Looking beyond our own environment here, imagine a student studying for understanding and application in a classroom where the teacher’s purpose, for whatever reason, is to have their students score high on standardized tests.
This insight into games helps shed light on how we can all work together to optimize the Delphian experience for every student.
A further excerpt from the same source given earlier:
...purposes are very easily aligned and very easily handed out. They shouldn’t be neglected. They help create games.”
L. Ron Hubbard
In the rare case where a Delphian student is found cheating or breaking an important school rule, I expect faculty to see not a “cheater” or a “troublemaker,” but a student whose purpose is out of alignment with the game we are all playing here.
Without this understanding, the “solution” might be more along the lines of determining appropriate punishment to prevent the student’s pursuit of such a “freedom” again in the future. With an understanding of the importance of aligned purposes, a more effective approach might be about reestablishing in the student their basic purpose for education, one which almost certainly aligns with the school’s purpose for that student—and works within the barriers defined by the school’s rules and expectations.

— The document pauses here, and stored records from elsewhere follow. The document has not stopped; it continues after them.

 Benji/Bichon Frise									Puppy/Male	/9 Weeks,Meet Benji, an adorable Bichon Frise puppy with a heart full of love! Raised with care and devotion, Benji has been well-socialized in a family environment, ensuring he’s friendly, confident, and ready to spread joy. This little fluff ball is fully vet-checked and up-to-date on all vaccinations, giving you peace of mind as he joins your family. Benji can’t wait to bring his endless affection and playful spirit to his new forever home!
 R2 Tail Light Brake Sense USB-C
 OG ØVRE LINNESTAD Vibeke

This topic calls to mind a recent experience. A severe ice storm had disrupted normal class schedules. Day students, any faculty not housed on campus, and all kitchen staff were unable to get out of their homes safely, let alone drive up the hill. While campus faculty were performing other duties, including food prep, to cope with the disruption, upper level students organized and ran study halls for their Upper School classmates. Shortly after their roll call, I walked onto the fourth floor and found a full upper school calmly pursuing their purpose of acquiring an education—without skipping a beat.

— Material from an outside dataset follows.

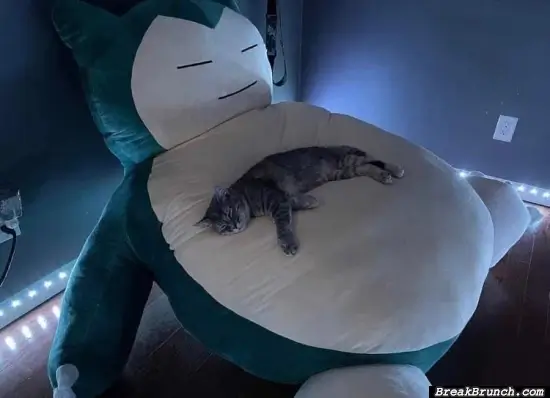 I want this snorlax
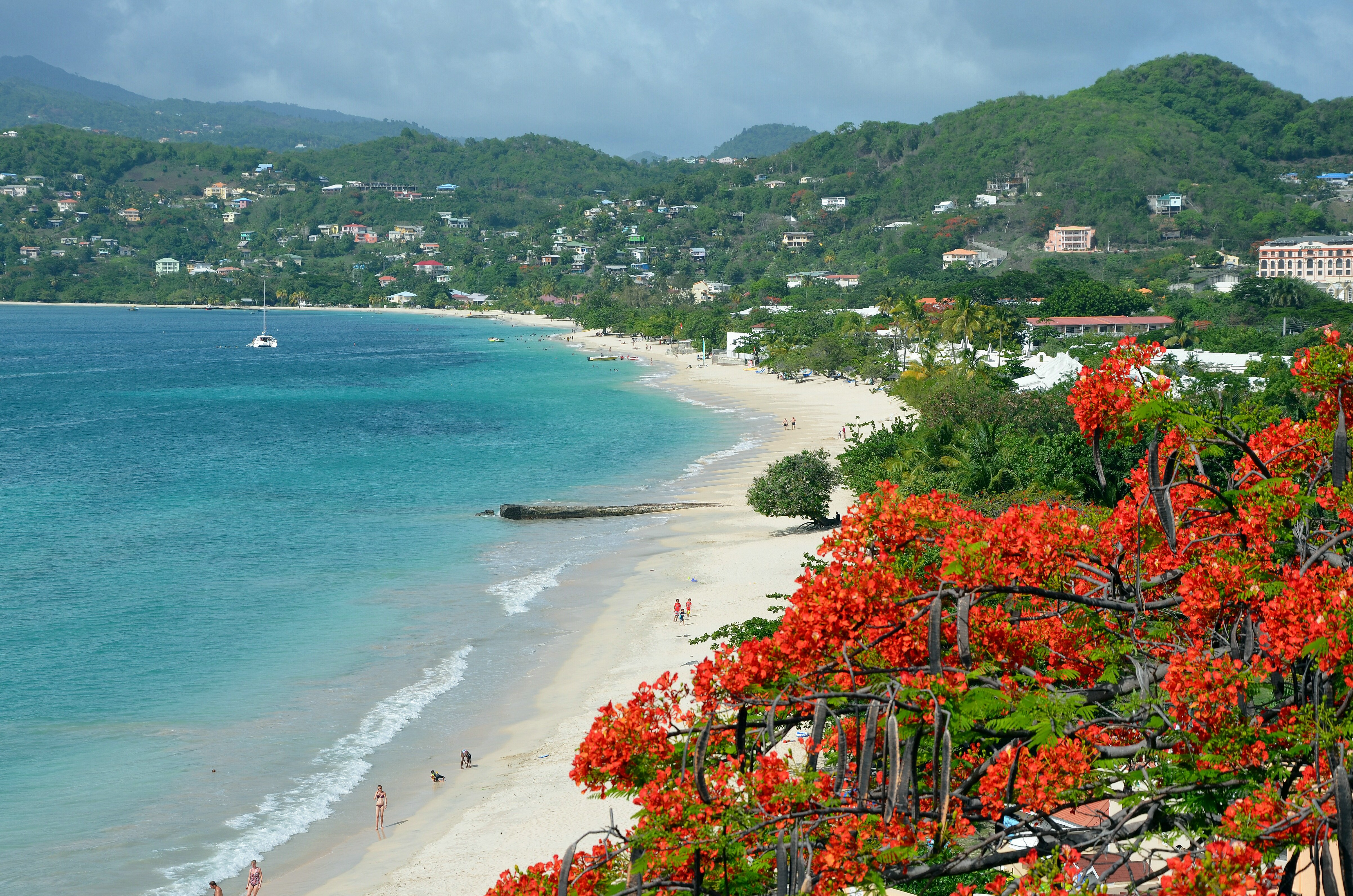 Plage de Grand Anse Plage de Grand Anse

When purposes in a large group are aligned, it makes misaligned purposes in other groups look downright painful. And so they are.
Written in various ways over the years, one of Delphian’s larger purposes has always been: To revolutionize the field of education using the educational technologies of L. Ron Hubbard.
An understanding of “games,” as it applies to the field of education, and a purpose shared by students, staff and parents alike, is a big part of why Delphian is such a revolutionary place. It is “revolutionary” to be so well aligned as a group. But this concept of “games” is only
one of many fundamental approaches to education found in the book Education: Fostering Reason and Self Determinism in Students. If you haven’t already read it, I encourage you to do so. If you have, I encourage you to do so again.
A lot of headway has been made, but it is a big game and we need to reach more people with this purpose and include them in our game, for it is one that truly empowers young people and the educators who care for them.
We are enrolling. We are hiring. We are growing, and we will continue to grow in proportion to the number of people that share our purpose.